Why are records making a comeback?


My sister is having a cake day that ends in a zero, so a big deal. I can't be there due to a lack of earned vacation days, so I asked about presents. She said that she and husband were getting into vinyl, so record albums would be cool. My sister, by youth and non-geek-itude has never suffered the embarrassment of asking vinyl records to do something they never could do, so she' setting into it for other reasons.

I think I've just figured out why.

They're both huge music fans, lots of concerts, really wide experiences in genres, no lack of strongly-held opinions. Music is important, enough so that in her packing the family up to visit the ancestral home, she included her Bluetooth speaker and deployed it for background music frequently. Even though my dad's living room has a pretty ok stereo in it, the CD collection is hopeless and she probably doesn't know about our local public radio station devoted to pop/rock/cool music.

So why records? Because they are apex-musicvores and have decent mastery of the latest repro systems (alll engineered towards convenience), and the process of live music is what makes it so attractive, they're seeking to make their casual music more of an event.

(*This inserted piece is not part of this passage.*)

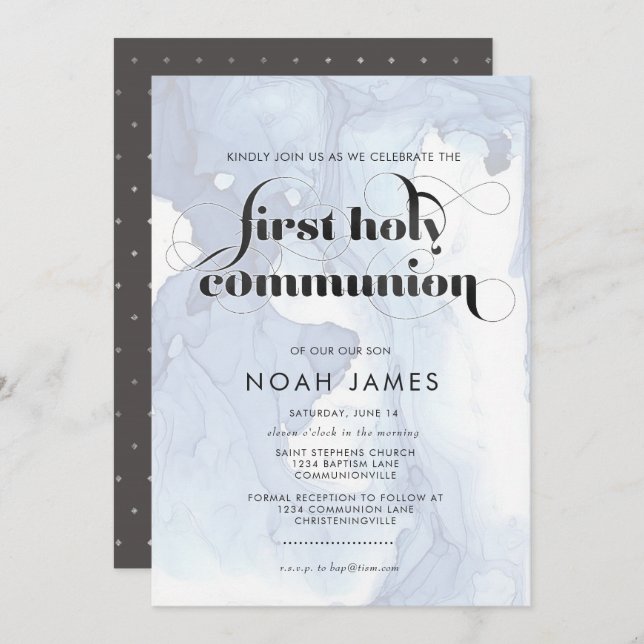 Watercolor Communion Invitation (Front/Back)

Look at steampunk. It's successes are wrapping 21st C. tech in Victorian clothing. This skin can be deep enough to go beyond simple deception, but none have gone so far as to achieve the results of “The Difference Engine” a truly mechanically-powered digital-experience. I'd like to suggest that this esthetic is, in part, about making the effortless experience more important. Ideally, we want it no more difficult to achieve the task—say, turning on the laptop—but if we can do it with an ornate series of brass levers and push- pull tubes, that would be cooler!

I believe my sister and brother in law, having perfectly internalized the music-on-demand experience made by MP3's, now they want the little-jewel-on-blue-velvet. Both grew up in homes with easy access to recorded music, and look back on records for their experience. Nostalgia is at play here, as that explains they're forgetting record's shortcomings. But they want a stylized version of that experience, something like the advertisements that lead to the bachelor pad audio in “Down With Love”: a scene of lovers en-snuggled by the fire, sharing the lovely tunes from the stereo that blends-in and stands-out from the dark, mellow wood paneling.

They've never suffered embarrassment by a record skipping on-air when you ran for a quick bathroom stop. Never spent hours on a mix-tape or audio-bed, trying to remove transients at least 10x too small for the analog tools of the day, or one of my faves: to really demo a gigantic sound system just completed, we had to place the record player (a magnificently expensive example of the day, in a stunning field-case so it could travel to each new installation of these sound systems) in a closed room separated by two walls from the theater where we'd listen. Inside this little temple, the God of sound sat on a throne of cinder blocks to isolate it from any floor vibrations. Imagine coordinating through those walls, because if that needle dropped with the master mute off, 20,000 watts would've destroyed $250,000 worth of speakers. These are my experiences of records, so I can't see any romance.

But they never suffered at the hands of analog reproduction, or the few events have been smoothed by the long climb that we call living. And so their love of music wants expression in more than thumbing FFWD when shuffle chooses an off segue. Now I get that. In fact, now I might contribute to that. Since I went through those experiences, maybe I can contribute more than just some wax to put on the platter. I think I'll go do some research on turntables and see what's out there. Or go dig my old Technics out of storage and put a new cartridge on it: for its day (the apex just before the first front-loading CD players came on the market) this was the best ttbl a real person could have!